Hong Kong Mandatory Provident Fund (MPF)
Hong Kong MPF funds qualify for relief. Employer and employee each contribute 5 per cent (a sum equal to 10%, meeting requirement 1) of the salary with the total contributions capped at HK$1,500 a month (meets requirement 2).
Swiss Pillar 3
Swiss Pillar 3 plans qualify for relief. Contributions are limited to 20% of annual earnings (meets requirement 1) , with a limit of CHF 33,840 per annum (meets requirement 2)
For United Kingdom self-invested personal pension plans, it depends. The percentage limit is 100% of earned income (meets requirement 1). Those who earn under 150K GBP do not qualify unless they earn less than $USD 50K.
Whereas high earners are subject to “tapered” contributions similar to ROTH contributions in the US, thus staying under the $ amount limit. I.E, those who make more than £210,000 per annum, have a SIPP contribution limit of £10,000 a year.
Two examples = one does qualify for relief, the other does not.
Taxpayer who earns 150k GBP and may put in 150k GBP (fails to meet requirement 2)
Taxpayer who earns 210k GBP may only put in 10k GBP per year (meets requirement 2)
Ireland Personal Pension Plan PRSA
For Irish Personal pension plans, relief qualification depends on the participant age and currency rates.
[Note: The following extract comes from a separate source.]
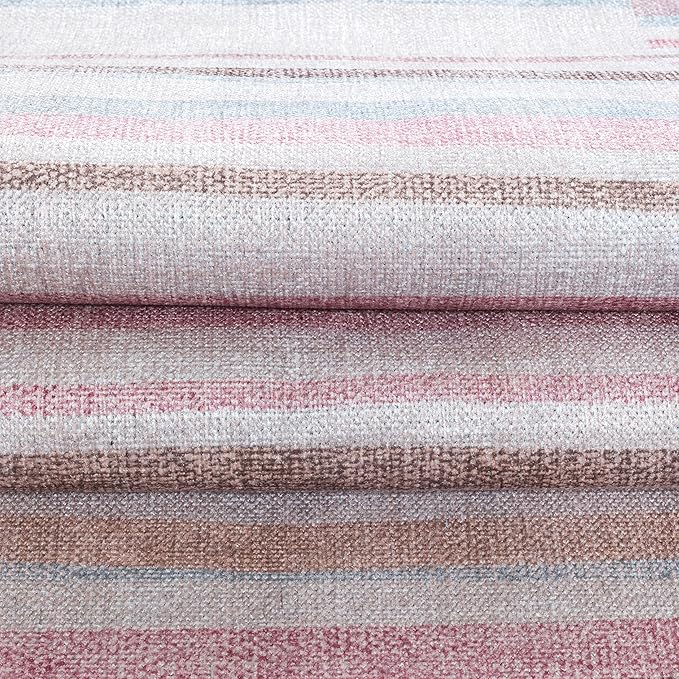 Fame Living Washable Area Rug. Modern Farmhouse. Vintage. Turkish. Bohemian. Distressed. Oriental. Traditional. Rugs for Living Room. Dining. Bedroom. Office. Entryway. Foyer. (865MM, 9' x 12')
Percentage of earnings varies from 15% to 40% depending on the participants age (meeting requirement 1). The maximum amount of earnings taken into account for calculating tax relief is €115,000 . Therefore, the annual $ limit is met for younger participants (meeting requirement 2). Although a 60-years old is allowed to contribute up to 40%, thus the contribution limit is €46,000. This translates into $52K as of Jun 30, 2020 (fails to meet requirement 2) but may meet requirement 2 if the Euro appreciates vs $USD.
Canadian Registered Education Savings Plans (RESPs) are clear beneficiaries, perfectly matching the definitions of Section 4 relief. This is a foreign grantor trust set up exclusively to provide for the provision of educational benefits. The lifetime limit of contributions is 50K CAD per beneficiary. Those who previously filed 3520/3520-A for Canadian RESP no longer need to.
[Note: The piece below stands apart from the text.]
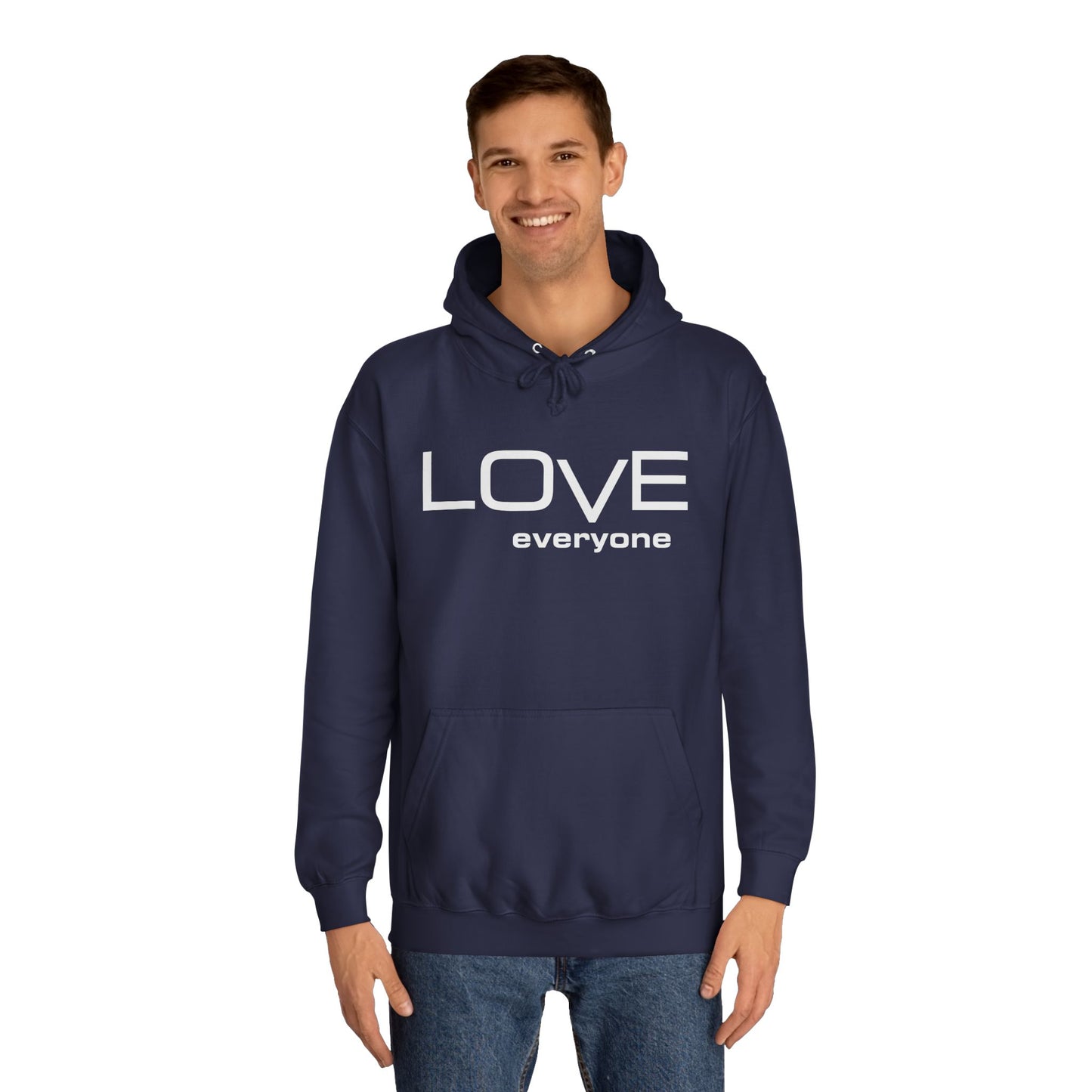 LOVE everyone Hoodie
Other retirement plans need to be reviewed against their tax treaty or special arrangements that may lead to requirement (or lack thereof) of filing form 3520/3520-A.
Income from funds & financial accounts still require reporting
While this revenue procedure may exempt some accounts from filing form 3520/3520-A (see RESP above), the income generated in the account should still be reported on form 1040, accounts must be reported on FBAR FinCEN 114 and FATCA (both if applicable) and the presence of the foreign trust should still be identified on your Form 1040. In addition, filing of Form 8621 if these accounts are invested in non-US mutual funds remains an absolute requirement.
Requesting Abatement of Section 6677 Penalties
With the spread of information about Rev. Proc. 2020-17 in the media, we expect an influx of requests for abatement or refund of Sec 6677 Penalties from the clients who have been previously assessed penalties for the failure to file forms 3520a/3520.
It is important to note that the plan must meet all conditions outlined in Section 3 & 4. If the plan meets those conditions (i.e. the taxpayer was assessed penalties for failure to timely report RESP or Pillar 3) TFX can assist with requesting the penalty abatement.